Epidural Hematoma (Extradural Hematoma)

Epidural hematoma (EDH), also known as extradural hematoma, is a serious condition characterized by the accumulation of blood between the inner table of the skull and the dura mater, the outermost layer of the meninges. Understanding the etiology, clinical presentation, and management of EDH is crucial for timely intervention and improved patient outcomes.

Incidence and Etiology

  • Incidence: The incidence of epidural hematomas is relatively low, ranging from 0.4% to 4.6% of all head injuries. In contrast, acute subdural hematomas (ASDH) occur in approximately 50% of cases.

  • Source of Bleeding:

    • Arterial Bleeding: In about 85% of cases, the source of bleeding is arterial, most commonly from the middle meningeal artery. This artery is particularly vulnerable to injury during skull fractures, especially at the pterion, where the skull is thinner.
    • Venous Bleeding: In approximately 15% of cases, the bleeding is venous, often from the bridging veins.

Locations

  • Common Locations:
    • About 70% of epidural hematomas occur laterally over the cerebral hemispheres, with the pterion as the epicenter of injury.
    • The remaining 30% can be located in the frontal, occipital, or posterior fossa regions.

Clinical Presentation

The clinical presentation of an epidural hematoma can vary, but the "textbook" presentation occurs in only 10% to 30% of cases and includes the following sequence:

  1. Brief Loss of Consciousness: Following the initial injury, the patient may experience a transient loss of consciousness.

  2. Lucid Interval: After regaining consciousness, the patient may appear to be fine for a period, known as the lucid interval. This period can last from minutes to hours, during which the patient may seem asymptomatic.

  3. Progressive Deterioration: As the hematoma expands, the patient may experience:

    • Progressive Obtundation: Diminished alertness and responsiveness.
    • Hemiparesis: Weakness on one side of the body, indicating possible brain compression or damage.
    • Anisocoria: Unequal pupil size, which can indicate increased intracranial pressure or brain herniation.
    • Coma: In severe cases, the patient may progress to a state of coma.

Diagnosis

  • Imaging Studies:
    • CT Scan: A non-contrast CT scan of the head is the primary imaging modality used to diagnose an epidural hematoma.
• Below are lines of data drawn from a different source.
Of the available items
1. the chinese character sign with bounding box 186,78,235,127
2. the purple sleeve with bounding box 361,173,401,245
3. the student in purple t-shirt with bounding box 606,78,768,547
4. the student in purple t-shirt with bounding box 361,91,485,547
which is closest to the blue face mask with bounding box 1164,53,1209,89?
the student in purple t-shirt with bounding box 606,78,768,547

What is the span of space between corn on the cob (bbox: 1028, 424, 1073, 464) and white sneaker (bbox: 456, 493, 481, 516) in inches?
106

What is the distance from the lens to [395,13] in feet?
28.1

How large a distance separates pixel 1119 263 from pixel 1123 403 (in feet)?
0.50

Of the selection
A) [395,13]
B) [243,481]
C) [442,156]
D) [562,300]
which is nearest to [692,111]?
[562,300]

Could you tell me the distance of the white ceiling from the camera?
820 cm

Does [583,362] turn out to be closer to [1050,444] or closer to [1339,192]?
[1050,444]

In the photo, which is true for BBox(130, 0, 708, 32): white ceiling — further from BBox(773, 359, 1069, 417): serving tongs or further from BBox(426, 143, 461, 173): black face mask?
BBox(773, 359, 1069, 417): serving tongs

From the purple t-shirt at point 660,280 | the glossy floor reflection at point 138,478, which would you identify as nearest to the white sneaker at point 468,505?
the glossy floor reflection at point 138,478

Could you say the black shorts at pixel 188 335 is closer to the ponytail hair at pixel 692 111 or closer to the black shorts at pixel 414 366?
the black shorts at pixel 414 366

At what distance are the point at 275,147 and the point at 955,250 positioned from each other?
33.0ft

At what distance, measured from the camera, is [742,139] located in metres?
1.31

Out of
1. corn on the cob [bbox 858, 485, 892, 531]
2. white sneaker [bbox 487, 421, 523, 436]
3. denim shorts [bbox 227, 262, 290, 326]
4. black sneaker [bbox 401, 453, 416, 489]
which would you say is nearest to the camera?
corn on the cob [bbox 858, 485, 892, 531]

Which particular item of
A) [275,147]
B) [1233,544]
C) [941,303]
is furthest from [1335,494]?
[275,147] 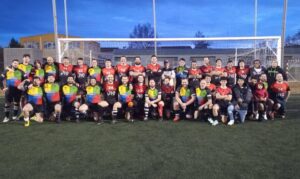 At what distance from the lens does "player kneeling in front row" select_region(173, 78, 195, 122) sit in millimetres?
6531

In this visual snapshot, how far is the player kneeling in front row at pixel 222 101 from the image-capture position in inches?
242

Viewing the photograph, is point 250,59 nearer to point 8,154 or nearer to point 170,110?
point 170,110

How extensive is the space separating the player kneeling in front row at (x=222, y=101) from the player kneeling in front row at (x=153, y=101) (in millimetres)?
1254

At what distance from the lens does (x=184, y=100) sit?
21.7ft

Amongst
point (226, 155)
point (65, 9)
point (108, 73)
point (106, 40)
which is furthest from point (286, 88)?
point (65, 9)

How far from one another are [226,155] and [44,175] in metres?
2.35

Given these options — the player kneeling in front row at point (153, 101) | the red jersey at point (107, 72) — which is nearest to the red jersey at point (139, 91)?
the player kneeling in front row at point (153, 101)

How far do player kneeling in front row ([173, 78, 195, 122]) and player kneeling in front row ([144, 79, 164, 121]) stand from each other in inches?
14.8

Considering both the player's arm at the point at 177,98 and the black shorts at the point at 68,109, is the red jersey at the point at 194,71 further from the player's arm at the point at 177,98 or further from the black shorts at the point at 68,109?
the black shorts at the point at 68,109

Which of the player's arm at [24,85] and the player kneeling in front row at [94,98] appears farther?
the player's arm at [24,85]

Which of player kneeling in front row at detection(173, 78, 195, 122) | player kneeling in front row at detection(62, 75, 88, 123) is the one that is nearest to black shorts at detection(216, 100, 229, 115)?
player kneeling in front row at detection(173, 78, 195, 122)

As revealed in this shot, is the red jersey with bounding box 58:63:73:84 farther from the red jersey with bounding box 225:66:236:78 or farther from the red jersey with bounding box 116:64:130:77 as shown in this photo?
the red jersey with bounding box 225:66:236:78

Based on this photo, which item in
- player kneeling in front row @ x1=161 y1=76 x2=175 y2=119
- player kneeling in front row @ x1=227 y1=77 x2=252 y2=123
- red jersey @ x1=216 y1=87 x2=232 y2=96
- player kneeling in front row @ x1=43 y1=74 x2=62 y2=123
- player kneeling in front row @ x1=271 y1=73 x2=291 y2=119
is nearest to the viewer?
player kneeling in front row @ x1=227 y1=77 x2=252 y2=123

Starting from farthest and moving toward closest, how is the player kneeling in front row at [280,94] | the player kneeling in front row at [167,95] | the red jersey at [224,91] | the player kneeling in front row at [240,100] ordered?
the player kneeling in front row at [167,95] → the player kneeling in front row at [280,94] → the red jersey at [224,91] → the player kneeling in front row at [240,100] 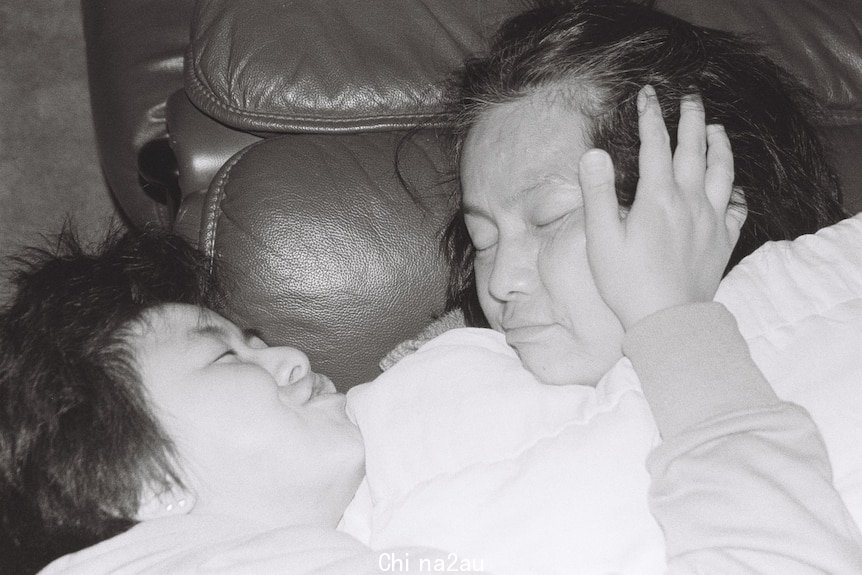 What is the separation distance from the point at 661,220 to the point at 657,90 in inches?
9.3

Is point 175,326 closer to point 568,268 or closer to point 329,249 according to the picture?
point 329,249

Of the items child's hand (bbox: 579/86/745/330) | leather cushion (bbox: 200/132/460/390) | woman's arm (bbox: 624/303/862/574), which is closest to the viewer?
woman's arm (bbox: 624/303/862/574)

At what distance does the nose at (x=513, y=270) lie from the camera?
3.43ft

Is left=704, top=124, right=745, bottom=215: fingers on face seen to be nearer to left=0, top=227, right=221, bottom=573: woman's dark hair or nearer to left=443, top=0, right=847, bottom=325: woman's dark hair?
left=443, top=0, right=847, bottom=325: woman's dark hair

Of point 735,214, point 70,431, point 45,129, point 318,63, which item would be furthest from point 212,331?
point 45,129

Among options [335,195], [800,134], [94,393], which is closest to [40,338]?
[94,393]

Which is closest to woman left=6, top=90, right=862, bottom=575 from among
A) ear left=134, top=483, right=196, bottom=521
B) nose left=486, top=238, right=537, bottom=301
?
ear left=134, top=483, right=196, bottom=521

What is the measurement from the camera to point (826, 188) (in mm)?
1298

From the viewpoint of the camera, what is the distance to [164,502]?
0.98 metres

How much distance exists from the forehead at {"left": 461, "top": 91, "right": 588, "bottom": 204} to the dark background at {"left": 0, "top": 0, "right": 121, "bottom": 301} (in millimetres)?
1292

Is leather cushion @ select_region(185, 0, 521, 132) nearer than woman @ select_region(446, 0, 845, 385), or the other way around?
woman @ select_region(446, 0, 845, 385)

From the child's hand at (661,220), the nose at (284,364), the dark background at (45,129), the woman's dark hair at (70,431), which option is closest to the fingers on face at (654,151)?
the child's hand at (661,220)

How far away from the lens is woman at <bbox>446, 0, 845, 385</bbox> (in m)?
1.04

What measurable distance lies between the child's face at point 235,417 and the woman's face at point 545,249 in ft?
0.88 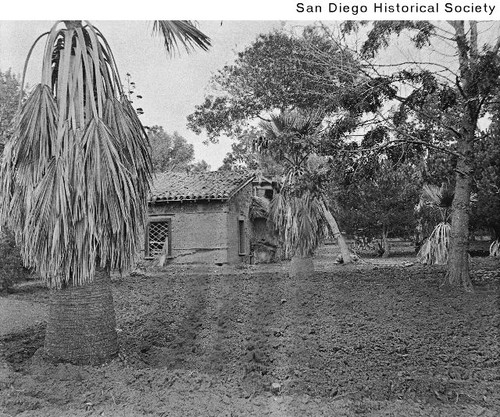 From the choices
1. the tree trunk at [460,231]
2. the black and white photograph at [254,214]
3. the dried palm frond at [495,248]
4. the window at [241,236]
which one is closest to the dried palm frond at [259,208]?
the black and white photograph at [254,214]

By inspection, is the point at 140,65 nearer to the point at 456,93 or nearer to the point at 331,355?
the point at 331,355

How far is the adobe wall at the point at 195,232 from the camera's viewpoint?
186 inches

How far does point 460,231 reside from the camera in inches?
218

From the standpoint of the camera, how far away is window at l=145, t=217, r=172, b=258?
4.44 meters

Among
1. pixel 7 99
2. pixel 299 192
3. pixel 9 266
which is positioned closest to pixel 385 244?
pixel 299 192

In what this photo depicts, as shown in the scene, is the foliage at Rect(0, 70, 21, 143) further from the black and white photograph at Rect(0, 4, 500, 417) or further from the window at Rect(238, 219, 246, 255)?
the window at Rect(238, 219, 246, 255)

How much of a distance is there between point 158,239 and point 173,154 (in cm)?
85

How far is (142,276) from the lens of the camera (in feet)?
14.6

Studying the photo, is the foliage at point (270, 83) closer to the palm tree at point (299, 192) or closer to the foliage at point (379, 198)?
the palm tree at point (299, 192)

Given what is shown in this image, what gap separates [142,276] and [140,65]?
191 cm

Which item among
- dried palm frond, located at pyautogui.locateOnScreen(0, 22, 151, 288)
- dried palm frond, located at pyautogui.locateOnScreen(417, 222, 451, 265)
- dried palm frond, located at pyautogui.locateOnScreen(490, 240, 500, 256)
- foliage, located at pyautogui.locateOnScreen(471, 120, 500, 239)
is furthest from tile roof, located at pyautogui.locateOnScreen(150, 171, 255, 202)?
dried palm frond, located at pyautogui.locateOnScreen(490, 240, 500, 256)

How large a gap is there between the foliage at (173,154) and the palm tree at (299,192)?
0.80 meters

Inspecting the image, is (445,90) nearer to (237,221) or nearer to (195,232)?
(237,221)

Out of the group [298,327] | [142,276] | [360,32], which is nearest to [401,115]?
[360,32] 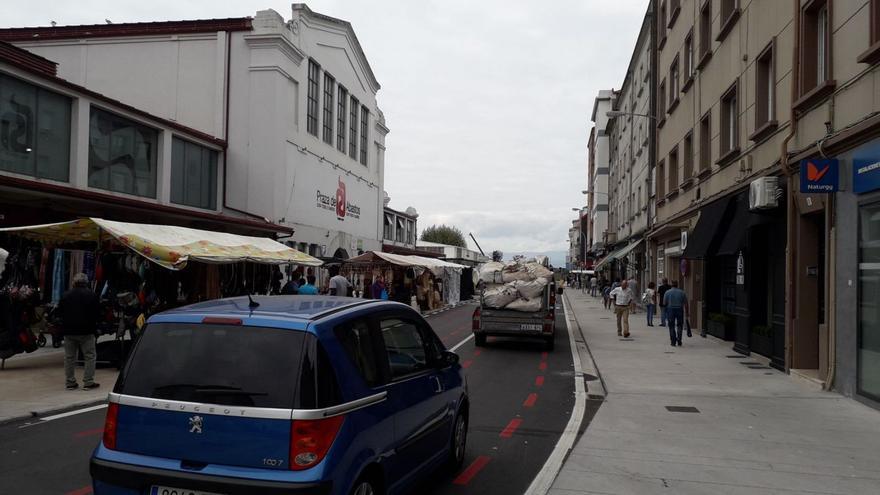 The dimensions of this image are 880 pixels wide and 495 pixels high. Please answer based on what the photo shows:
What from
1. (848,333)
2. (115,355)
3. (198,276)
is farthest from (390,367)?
(198,276)

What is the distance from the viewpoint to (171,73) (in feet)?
93.9

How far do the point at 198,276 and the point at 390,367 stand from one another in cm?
1290

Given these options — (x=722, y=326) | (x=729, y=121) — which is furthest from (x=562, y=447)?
(x=729, y=121)

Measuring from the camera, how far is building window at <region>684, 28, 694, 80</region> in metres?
21.0

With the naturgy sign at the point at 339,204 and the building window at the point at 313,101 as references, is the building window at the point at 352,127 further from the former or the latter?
the building window at the point at 313,101

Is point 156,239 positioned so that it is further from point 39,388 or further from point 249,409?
point 249,409

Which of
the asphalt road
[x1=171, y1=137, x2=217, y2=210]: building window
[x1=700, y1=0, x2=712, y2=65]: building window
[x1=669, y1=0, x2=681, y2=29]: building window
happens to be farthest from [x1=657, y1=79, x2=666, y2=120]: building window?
[x1=171, y1=137, x2=217, y2=210]: building window

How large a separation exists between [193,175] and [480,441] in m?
21.0

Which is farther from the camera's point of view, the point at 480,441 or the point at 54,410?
the point at 54,410

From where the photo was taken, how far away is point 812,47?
457 inches

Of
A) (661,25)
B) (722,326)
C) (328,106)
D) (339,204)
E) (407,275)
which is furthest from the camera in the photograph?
(339,204)

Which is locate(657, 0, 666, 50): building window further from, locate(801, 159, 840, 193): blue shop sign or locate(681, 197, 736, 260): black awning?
locate(801, 159, 840, 193): blue shop sign

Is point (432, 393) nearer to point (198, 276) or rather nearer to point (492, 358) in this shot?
point (492, 358)

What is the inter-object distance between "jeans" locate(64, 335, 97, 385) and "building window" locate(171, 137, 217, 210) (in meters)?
14.4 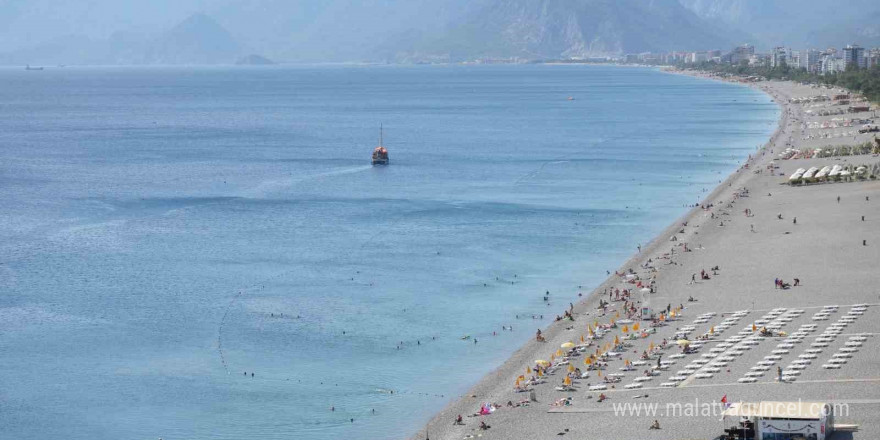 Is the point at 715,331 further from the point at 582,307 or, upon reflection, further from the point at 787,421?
the point at 787,421

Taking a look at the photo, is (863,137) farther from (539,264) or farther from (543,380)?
(543,380)

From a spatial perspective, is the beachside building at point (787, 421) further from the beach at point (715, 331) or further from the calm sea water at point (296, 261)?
the calm sea water at point (296, 261)

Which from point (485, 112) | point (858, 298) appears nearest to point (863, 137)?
point (858, 298)

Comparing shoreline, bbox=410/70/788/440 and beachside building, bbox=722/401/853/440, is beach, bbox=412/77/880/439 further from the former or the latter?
beachside building, bbox=722/401/853/440

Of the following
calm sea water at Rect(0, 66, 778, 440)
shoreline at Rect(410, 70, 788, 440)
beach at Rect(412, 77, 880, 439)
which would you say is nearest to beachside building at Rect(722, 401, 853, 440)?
beach at Rect(412, 77, 880, 439)

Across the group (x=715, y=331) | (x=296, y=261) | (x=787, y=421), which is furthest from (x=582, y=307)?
(x=787, y=421) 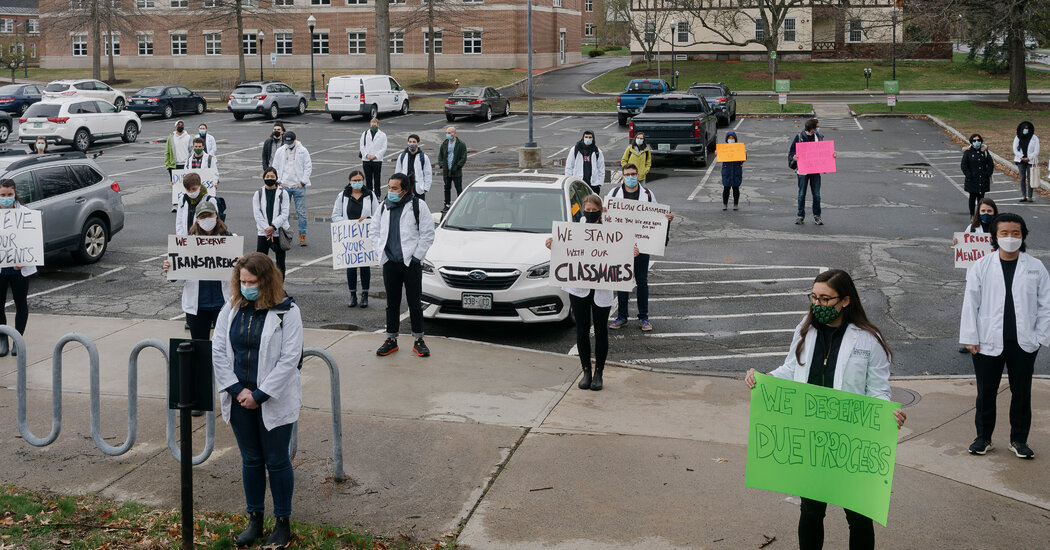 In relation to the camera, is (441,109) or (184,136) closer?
(184,136)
The hematoma typically appears as a biconvex (lens-shaped) hyperdense area on the CT images, often associated with a skull fracture.
    • MRI: While not routinely used for initial diagnosis, MRI can provide additional information about the extent of the hematoma and associated brain injury.

Management

  • Surgical Intervention:

    • Craniotomy: The definitive treatment for an epidural hematoma is surgical evacuation. A craniotomy is performed to remove the hematoma and relieve pressure on the brain.
    • Burr Hole: In some cases, a burr hole may be used for drainage, especially if the hematoma is small and located in a favorable position.
  • Monitoring: Patients with EDH require close monitoring for neurological status and potential complications, such as re-bleeding or increased intracranial pressure.

  • Supportive Care: Management may also include supportive care, such as maintaining airway patency, monitoring vital signs, and managing intracranial pressure.

Classes of Hemorrhagic Shock (ATLS Classification)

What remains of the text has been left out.